では、実際の測量業務でジオイド高をどのように利用すればよいのでしょうか。以下に現場での活用方法やポイントを紹介します。

  • GNSS受信機でジオイド補正を適用する: 最近の高精度GNSS機器(RTK受信機など)では、あらかじめジオイドモデルを本体に組み込んでおき、測位と同時に楕円体高から標高への換算を行えるものが多くあります。その場合、受信機の設定で地域に対応したジオイドモデル(日本なら「日本のジオイド◯◯」など)を選択すれば、表示される高さは自動的に標高(ジオイド高補正後の高さ)となります​。現場の測定担当者にとっては、特別な計算を意識せずに済むため便利です。ただし、RTKの基準局を設置する際などに基準点座標を入力する場合は要注意です。機器やソフトが要求するのが楕円体高なのか標高なのかを確認し、誤った基準面で入力しないよう留意しましょう​。例えば、既知点の標高をそのまま基準局に楕円体高として設定してしまうと、全体にジオイド高分の誤差が乗ってしまうので注意が必要です。

  • ジオイドモデルを用いて手動で換算する: お使いのGNSS機器にジオイドモデルが入っていない場合や、既存の測量データから後処理で標高を求めたい場合は、自分で楕円体高にジオイド高を適用して換算する必要があります。国土地理院が提供する公式のジオイドモデル(日本全土をカバーするジオイド高の格子データ)を利用すれば、任意の地点のジオイド高が入手可能です​。例えば、国土地理院のウェブサイトには「ジオイド高計算」のページがあり、緯度経度を入力するとその地点のジオイド高が計算できます。また、ジオイドモデルの数値ファイル(「日本のジオイド2011」や最新の「ジオイド2024日本」モデルなど)をダウンロードしてGISソフト等で参照することもできます​。GNSSで得た楕円体高データに対し、対応するジオイド高を差し引けば標高が算出できます。公式ジオイドモデルの精度は非常に高く、実測の標高との差は標準偏差で2~3cm程度と言われています。適切に適用すれば、従来の水準測量に匹敵する精度で高さが求められるでしょう。
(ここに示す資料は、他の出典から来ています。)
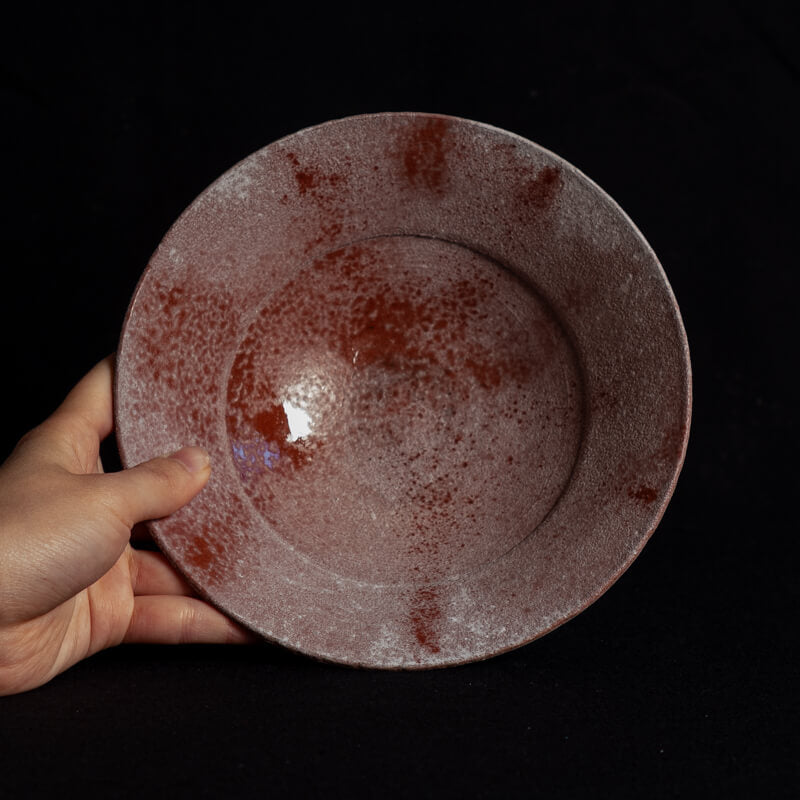 Noguchi Etsushi 6-sun Rimmed Bowl, Red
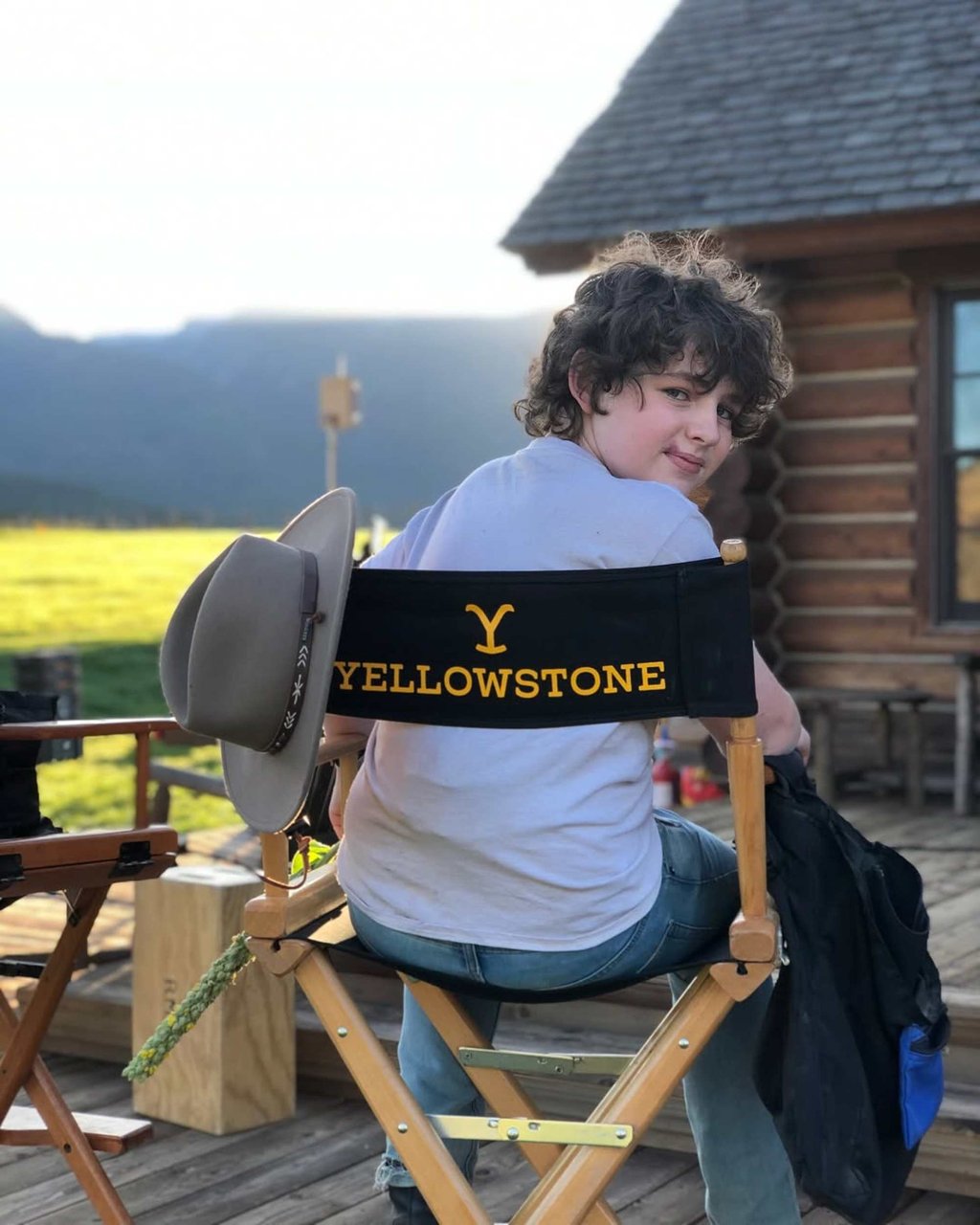 A behind-the-scenes photo of Finn Little from Yellowstone season four. Photo: @finn_little_official/Instagram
  • 誤差要因に留意する: ジオイド高を使えば楕円体高から簡単に標高が得られますが​、実務上はいくつか留意点もあります。先述の基準局設定時の基準面の取り違えはその一例です。同様に、使用するジオイドモデルの版や基準系にも注意しましょう。日本のジオイドモデルはこれまで2000年版、2011年版と改良されてきており、新しいモデルほど精度が上がっています(例:2025年以降の公共測量には「ジオイド2024日本」が推奨されています)。古いモデルと新しいモデルで数cm程度ジオイド高が異なる地域もあるため、指定がある場合は正しいモデルを用いることが重要です。また、GNSS測位自体の精度や、大気誤差・マルチパスなどによる高さ誤差も最終成果に影響します。ジオイド高の導入で理論上の補正はできますが、観測上の誤差も考慮して余裕を見た測設を心がけましょう。

ジオイド高についての基礎知識と、標高との関係、重要性を解説してきました。ジオイド高=高さの基準面のずれというシンプルな概念を押さえるだけで、GNSS測量で得られる高さを正しく扱えるようになります。現代の測量では、ジオイド高を用いた高さ補正はもはや常識と言えるでしょう。正しい高さ基準の理解は、施工精度の向上や図面・設計との整合に直結します。ぜひこの機会にジオイド高の知識を深め、日々の測量業務に役立ててください。